Toute l'initiation prend la forme d'un concours où « tu ne peux tout simplement pas en gagner [de points] s'il n'y a pas au moins trois ou quatre filles dans ta section [classe] qui se mettent en brassière pratiquement toute la semaine », relate une jeune femme anonyme dans les mêmes pages. « C'est tellement valorisé d'enlever son chandail et ses pantalons. » Les étudiantes qui gagnent les reconnaissances des « juges », « c'est celles qui étaient les moins habillées toute la semaine », ajoute-t-elle.

Ce type de comportement n'est pas une nouveauté à l'Association des étudiants en droit (AED). En janvier dernier, selon nos informations, le comité organisateur de l'événement officiel de rentrée à l'école a fait la promotion de celui-ci avec une photo où plusieurs d'entre eux étaient très légèrement vêtus. Elle a ensuite été retirée.

« Ce n'est pas écrit sur un bout de papier qu'il faut se mettre toute nue, c'est juste vraiment trop valorisé », dit-elle encore. « Et si tu veux le moindrement gagner, tu n'as pas le choix. »

L'association étudiante reconnaît « qu'il reste du travail à effectuer pour éliminer toute trace d'anciennes pratiques dégradantes et sexistes » et promet d'entamer une « réflexion » sur le sujet.
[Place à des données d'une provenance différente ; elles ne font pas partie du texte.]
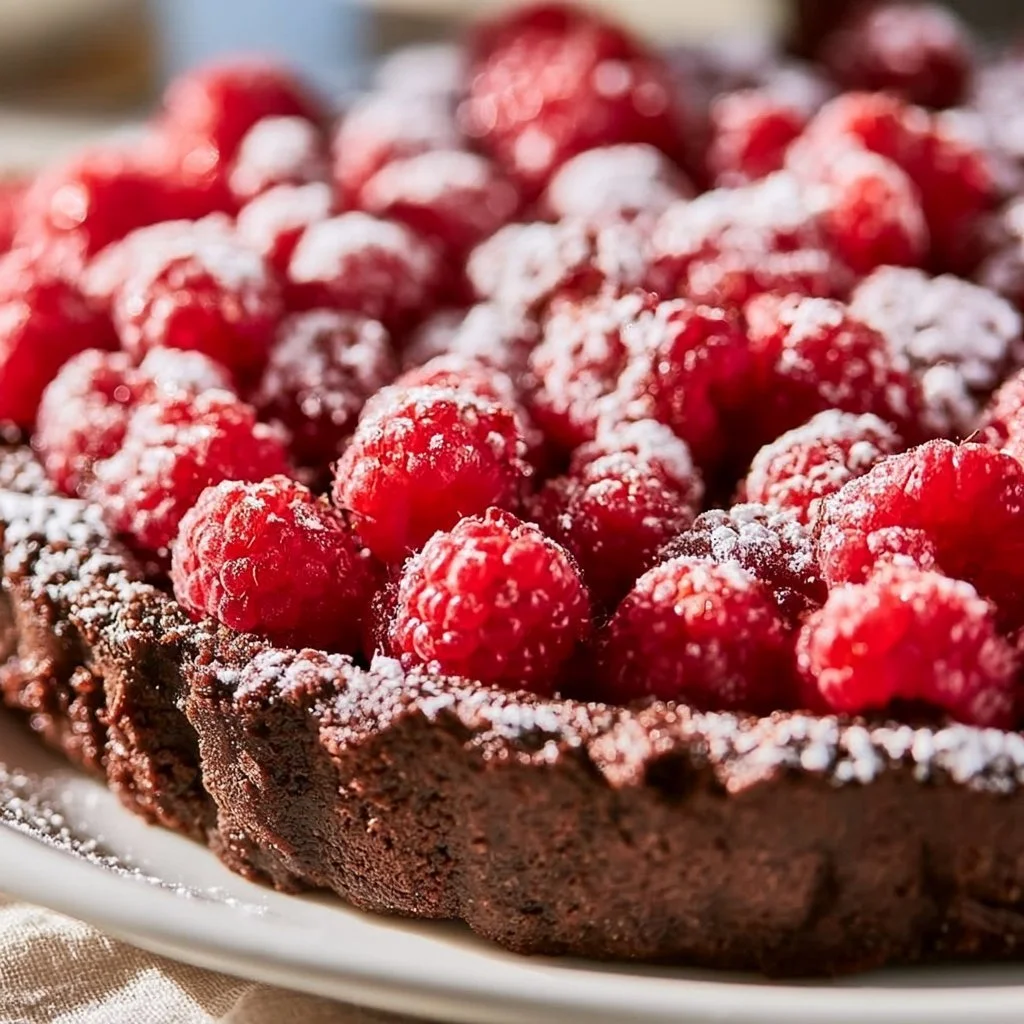 Delicious chocolate raspberry tart with fresh raspberries and chocolate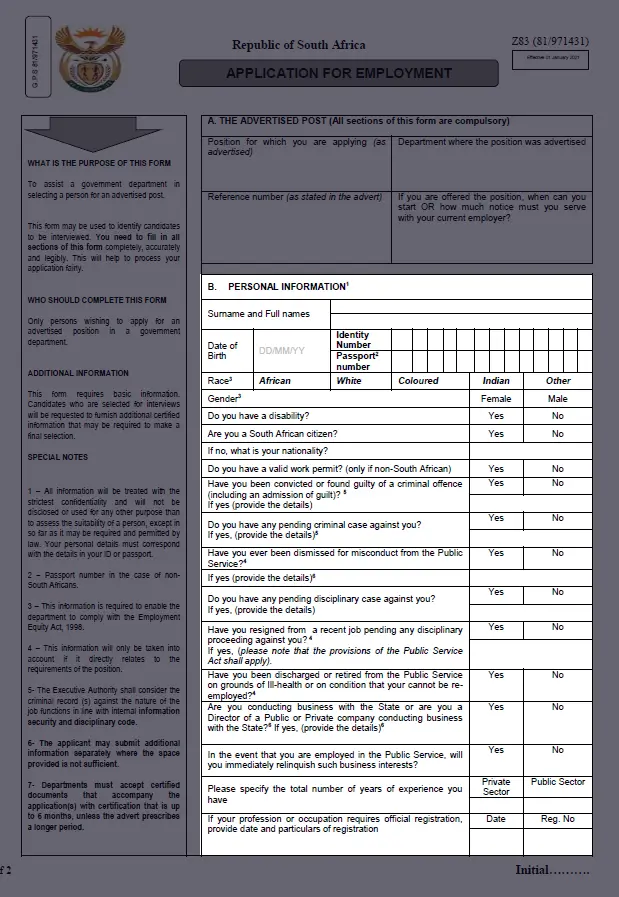 z83 form 2024 section B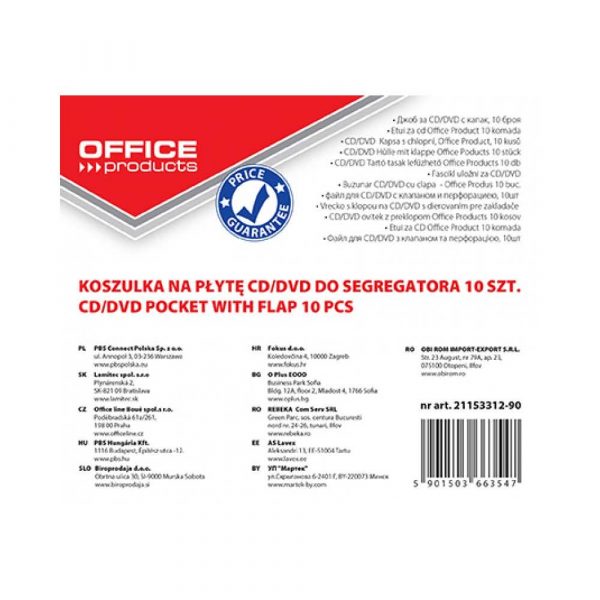 nośniki danych 4 alibiuro.pl Koperty na płyty CD DVD OFFICE PRODUCTS do wpinania PP 10szt. transparentny 13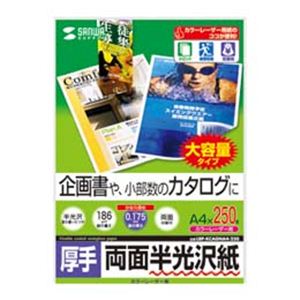 サンワサプライ カラーレーザー用半光沢紙 両面印刷 ・厚手 LBP-KCAGNA4-250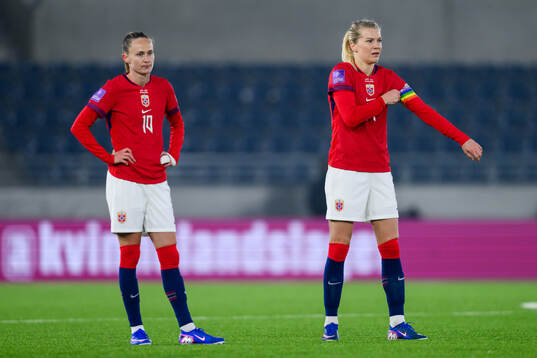 Caroline Graham Hansen and Ada Hegerberg of Norway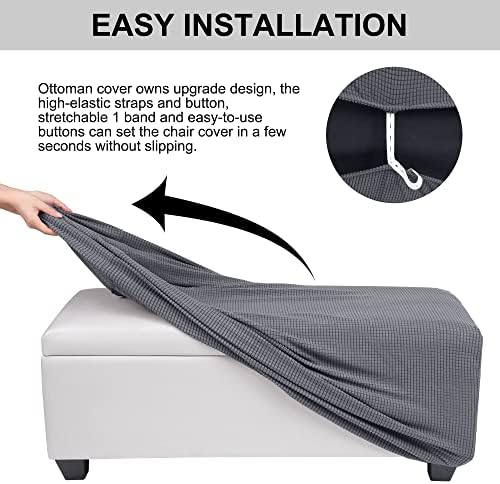 PiccoCasa High Stretch Ottoman Cover Dark Gray
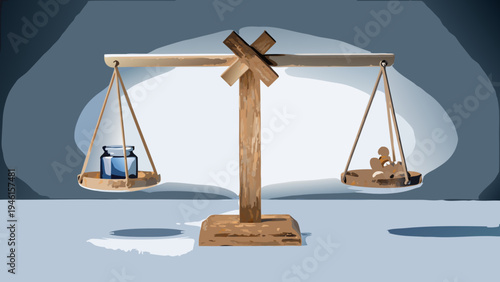 Scales of justice depict balance between a bottle and a human figure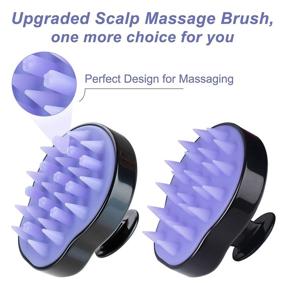 img 2 attached to 👩 HEETA 2-Pack Hair Scalp Massager Brush - Updated Soft Silicone Bristles, Wet and Dry Use - Head Massager Scalp Scrubber for Hair Growth (Black & Green)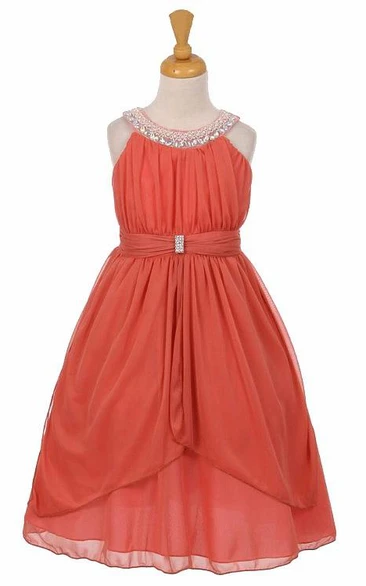 Tea-Length Peplum Tiered Pleated Chiffon&Tulle Flower Girl Dress With Ribbon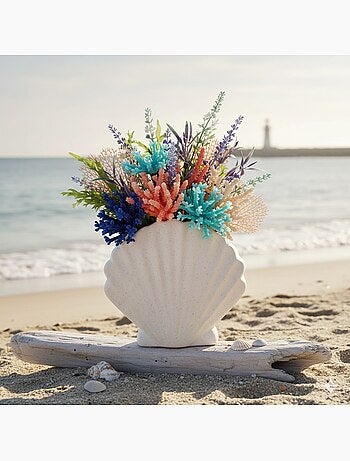 Vase coquillage sablé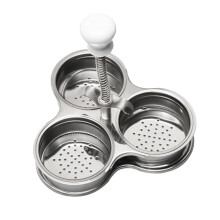 Stainless Steel Egg Poacher with Rack 3-Cup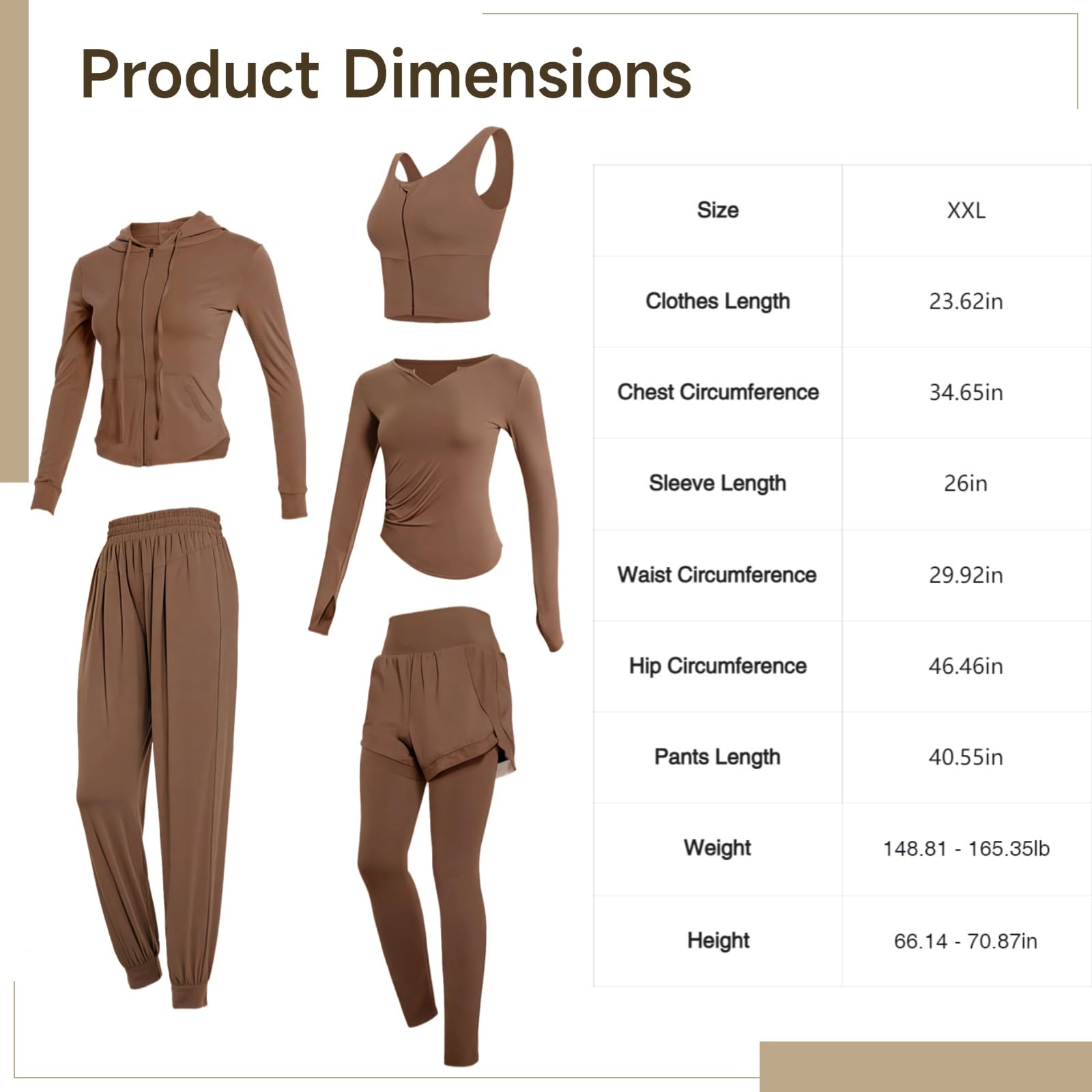 Conjunto de ropa deportiva de 5 piezas para yoga, incluye camisetas de manga larga, tela de poliéster y elastano transpirable, se adapta a mujeres de 5 pies 0 pulgadas a 5 pies 11 pulgadas, soporta
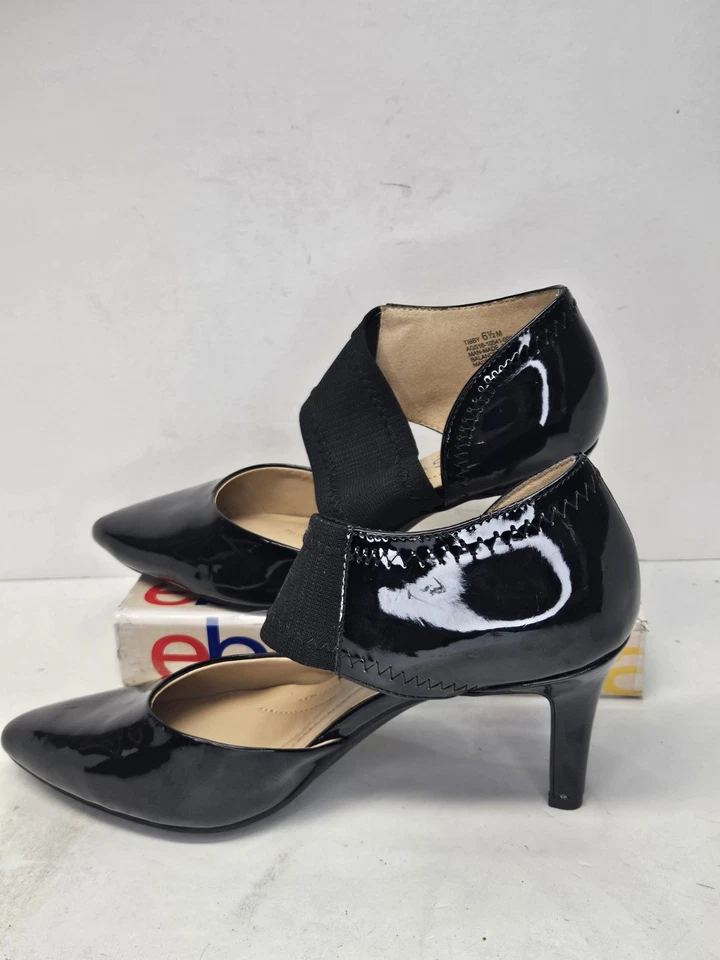 Andrew Geller 6.5 M Black 3” Heel with Elastic strap for Support Patent Leather - Image 2 of 4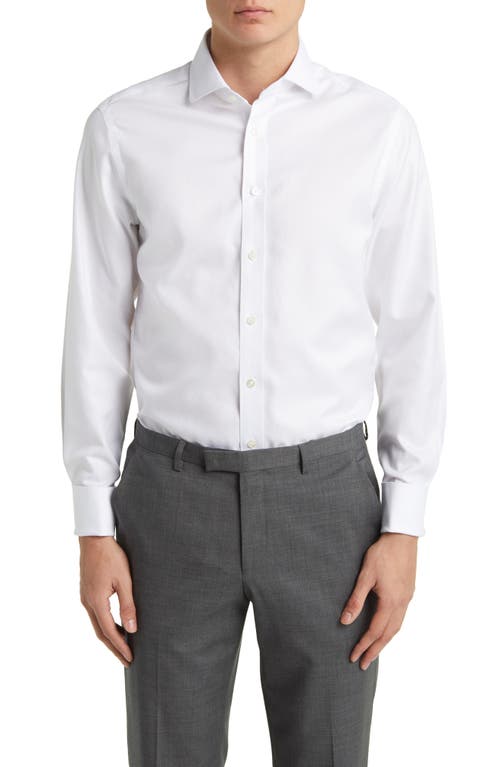 Slim Fit Non-Iron Solid Twill Dress Shirt in White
La faculté ne commente pas le dossier, préférant s'en remettre à l'Université, qui assure qu'une analyse de la situation sera menée.

« Il y a déjà des démarches qui ont été entamées avec la directrice du bureau du harcèlement chez nous et avec la FAECUM », l'association qui regroupe tous les étudiants de l'Université de Montréal, a indiqué la porte-parole de l'Université Geneviève O'Meara.

L'incitation à se dévêtir ou à commettre des gestes dégradants « n'était pas dans les règles de l'activité édictées par l'association », a-t-elle ajouté. « Il n'y avait pas de mention que la nudité ou des jeunes femmes en soutien-gorge, ça méritait plus de points. »

Elle a aussi précisé que le règlement de l'Université qui condamne ce type de pratique s'applique à tout événement « universitaire », qu'il soit sur le campus ou à l'extérieur de celui-ci : une partie des initiations de droit se sont déroulées dans un lieu loué à Saint-Pie, en Montérégie.

« LES COUPABLES, C'EST VOUS, C'EST NOUS »

Les initiations des nouveaux étudiants en droit de l'UdeM se déroulaient alors qu'à l'Université du Québec en Outaouais, une affiche associant un nombre de points à des actes comme « prendre une photo de sein » ou boire de l'alcool « dans une craque de seins » faisait les manchettes.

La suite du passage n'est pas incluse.